TASK DETAILS: Among the records below, find the line with "Momen Raffi Ahmad" and the line with "까사미아 4인 천연가죽 소파쇼파 서울경기(근거리)무료배송 이미지". Set down both and every line between, exactly and with no pictures, but nothing else.

*** RECORDS SHOWN ***

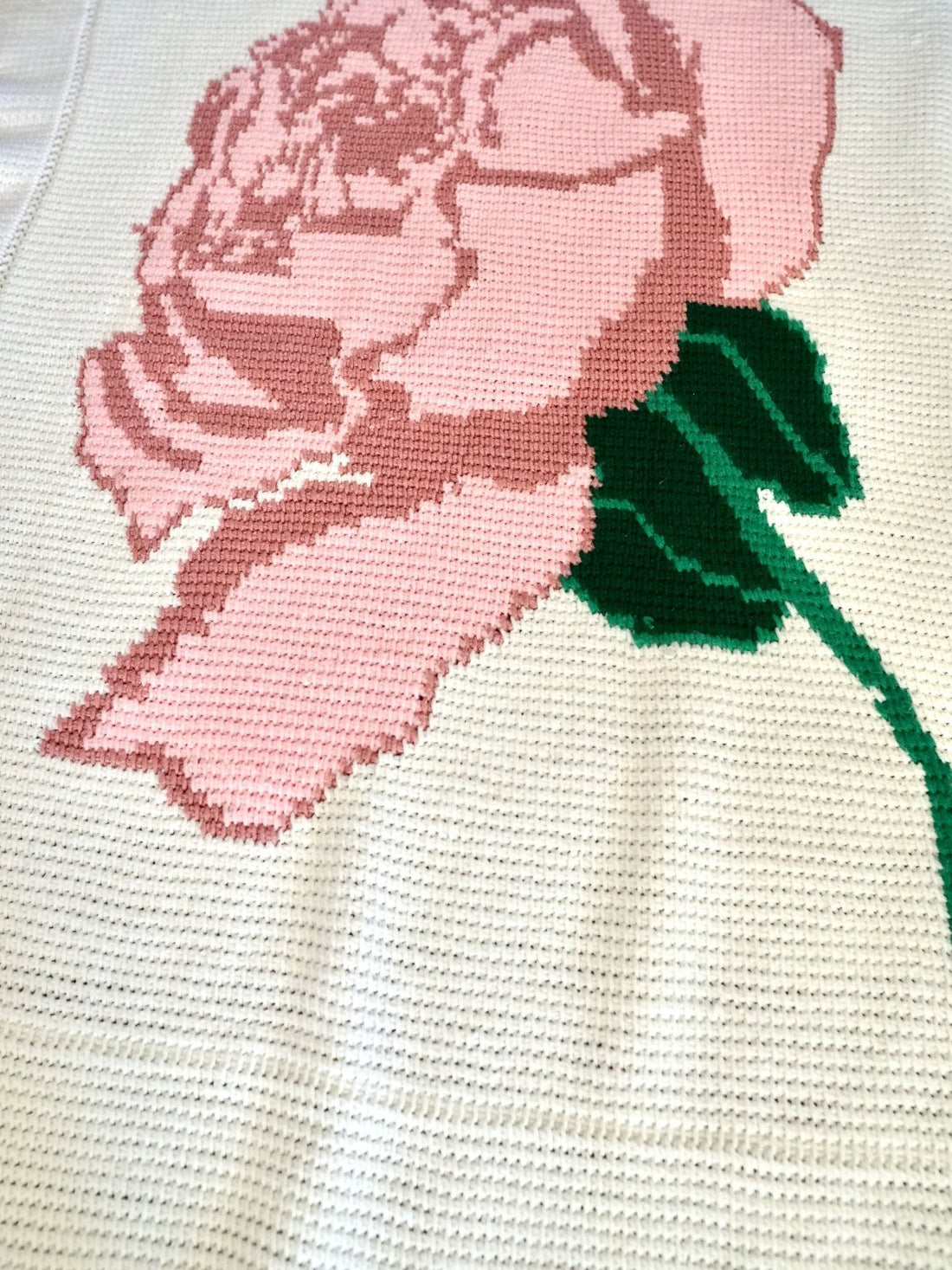 Vintage Rose Handknit Throw Blanket-closiTherapi | vinTage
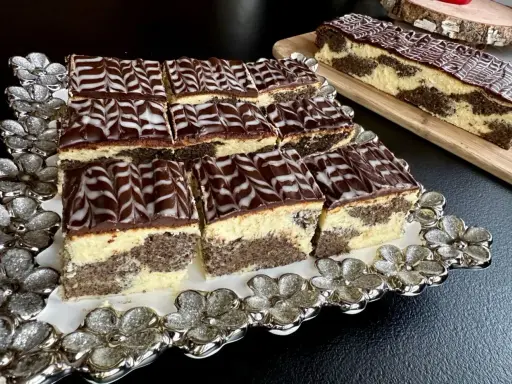 Seromakowiec z gotowej masy makowej i sera z wiaderka, udekorowany czekoladą i lukrem. Pyszny deser na każdą okazję.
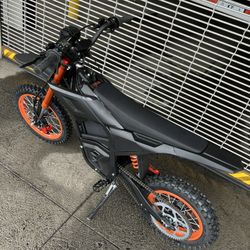 🚚 FREE Delivery - New 4000W Electric E-Mini Dirt Bike (Chain/Belt/Driven,l, 40Mph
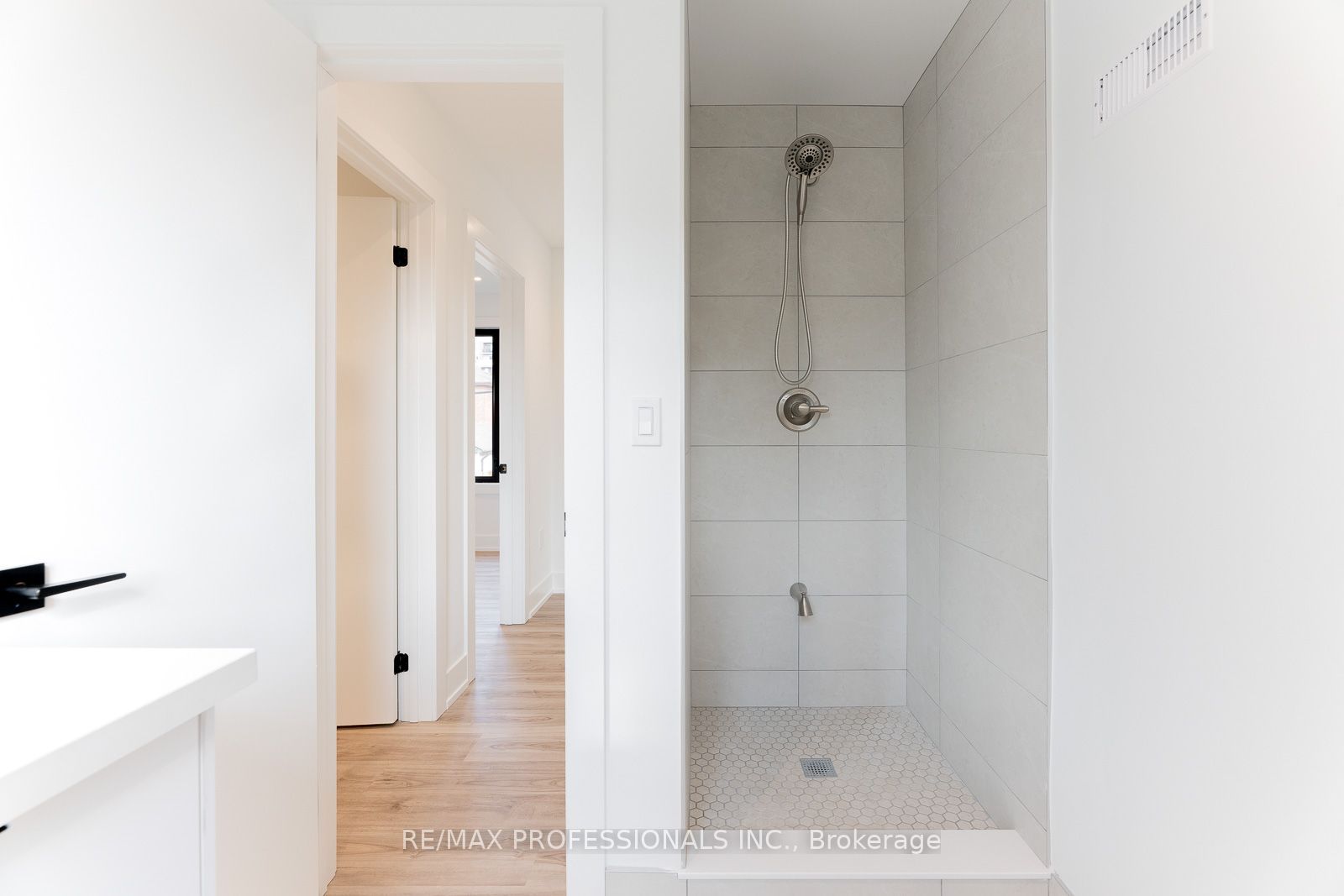 38 Thirty Third Street Grdnsuite Property Photo 25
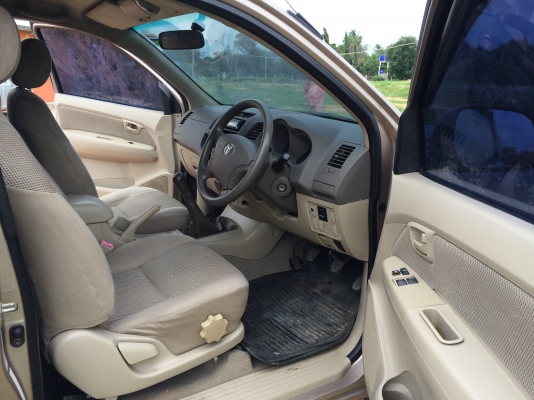 ขายวีโก้ปี50 สวยๆเดิมๆ พร้อมใช้งานครับ ขายวีโก้ปี50 สวยๆเดิมๆ พร้อมใช้งานครับ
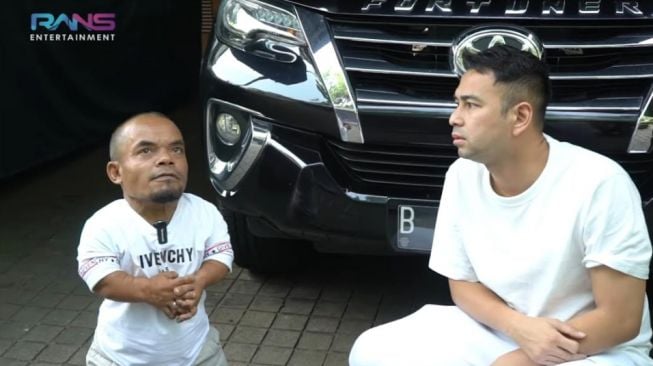 Momen Raffi Ahmad Beri Mobil ke Ucok Baba. [YouTube/RANS Entertainment]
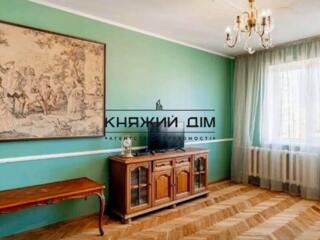 Продається БЕЗ КОМІСІЇ гідна 3 кімнатна квартира по вул. Вишняківська 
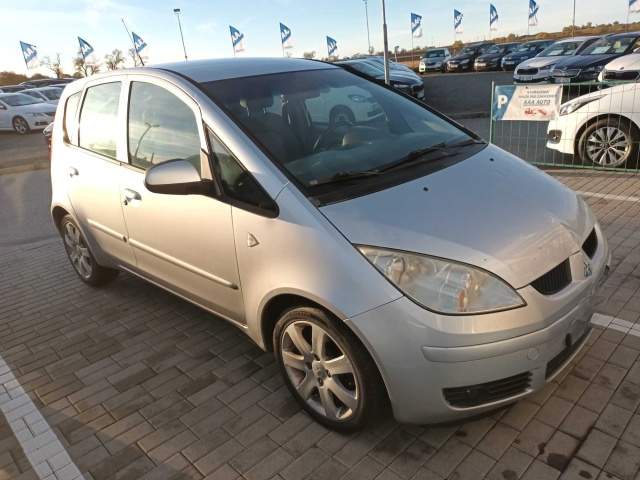 Mitsubishi Colt 2005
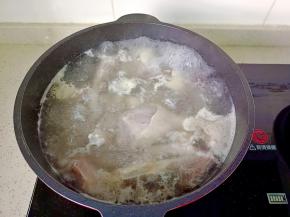 开大火炖煮45分钟【想要快速的可以放高压锅】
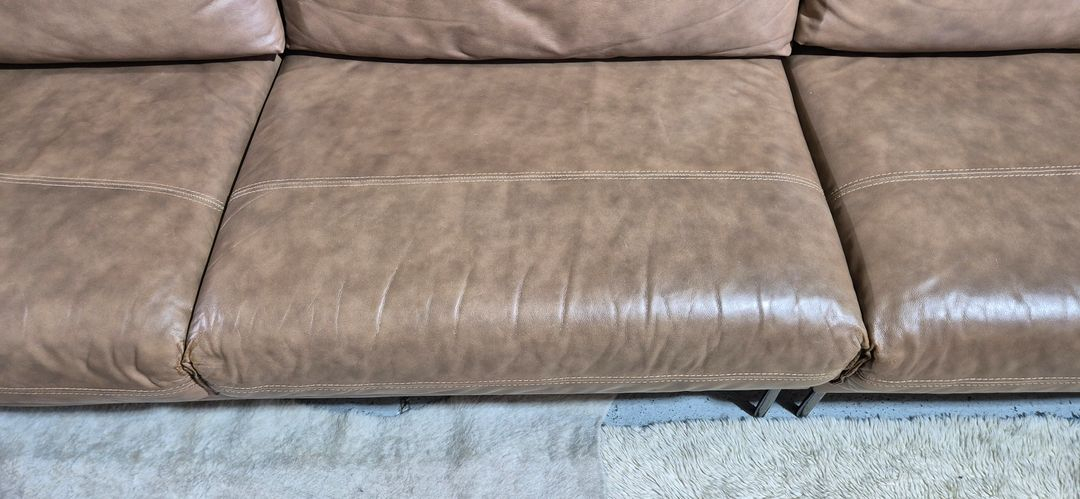 까사미아 4인 천연가죽 소파쇼파 서울경기(근거리)무료배송 이미지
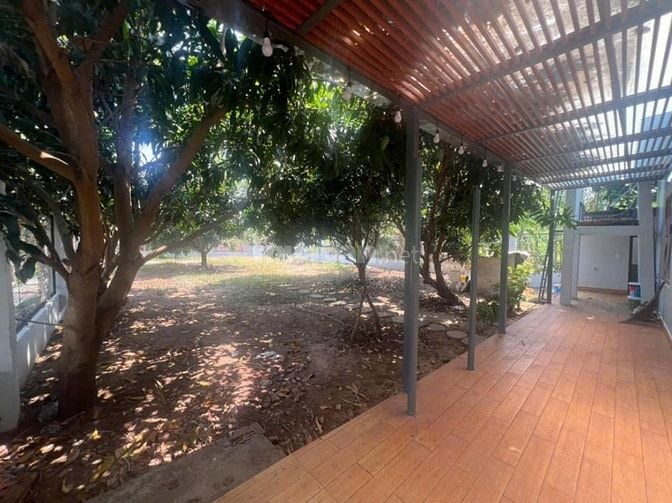 Làm nơi nghỉ dưỡng gần Thành Phố , DT 15x41m, Long Thới.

***

TASK RESULT:
 Momen Raffi Ahmad Beri Mobil ke Ucok Baba. [YouTube/RANS Entertainment]
 Продається БЕЗ КОМІСІЇ гідна 3 кімнатна квартира по вул. Вишняківська 
 Mitsubishi Colt 2005
 开大火炖煮45分钟【想要快速的可以放高压锅】
 까사미아 4인 천연가죽 소파쇼파 서울경기(근거리)무료배송 이미지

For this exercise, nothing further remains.